Beyond Cultural Competence – Working Towards Culturally Appropriate Evaluation Methods

The importance of cultural considerations when conducting evaluations, particularly with respect to evaluations of mental health programs, has been generally accepted for some time. However, the often-used notion of “cultural competence” has some limitations.

The idea of “competence” implies traditional notions of “expertise,” but culture is not like traditional bodies of knowledge – culture is more fragmented and contradictory. Although every member of a particular culture may share certain experiences that shape how they make sense of the world, every individual will have additional personal experiences that may lead them to make sense of the world in contradictory ways compared to their peers. Some of this is attributable to the intersection of different identities (i.e., U.S. born trans Latinx students will have different experiences related to race/ethnicity than immigrant trans Latinx students), however, this still does not quite account for everything.

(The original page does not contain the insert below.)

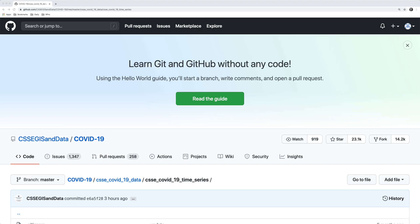Hey friends, welcome back. My name is Tom. I'm a data scientist in Australia and in this video we're going to look at how to build a time series plot using the latest COVID-19 data.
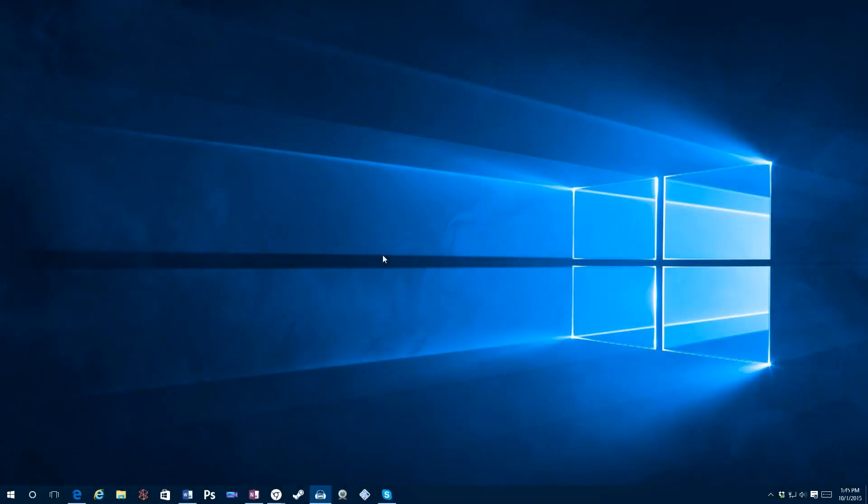Hey guys, it's David again, here to talk a little bit about Microsoft Edge, which is Microsoft's new browser found in Windows 10.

So, what do we do? First, instead of working to develop “expertise” in a particular cultural group or subgroup, or to rely on “experts,” a perspective of sensitivity to cultural influences and differences should be developed. Second, a commitment to prioritizing understanding of the client’s experience should be prioritized.

Sensitivity can be developed by spending time learning about the legal, political, and social history of a particular cultural group. In addition to current demographics about disparities, this information can be supplemented by e.g., researching relevant local/regional/national/global histories about how this particular group (and/or the corresponding geographic location) has been conceptualized in the law, by science, by religions, etc. This background can provide important contextual information that can increase insight into concrete evaluation questions, such as: Why is this group less likely to seek out care? Why is this group so difficult to collect feedback or data from?

Understanding can be prioritized by using active, empathic listening. What this means, then, is using your developed sensitivity to cultural context to more deeply appreciate what (and why) the client is saying what they are saying (or doing what they are doing). Prioritizing empathic listening also helps minimize the chance that some theoretical framework developed as a “competency” is not imposed over a client’s experience, thereby missing any further individual-level nuance that might otherwise have been understood. This can help further tailor the evaluation to the individual client’s needs and context.

Further Reading:
Carpenter-Song, E.A., Schwallie, M.N., & Longhofer, J. (2007). Cultural Competence Reexamined: Critique and Directions for the Future. Psychiatric Services, 58(10).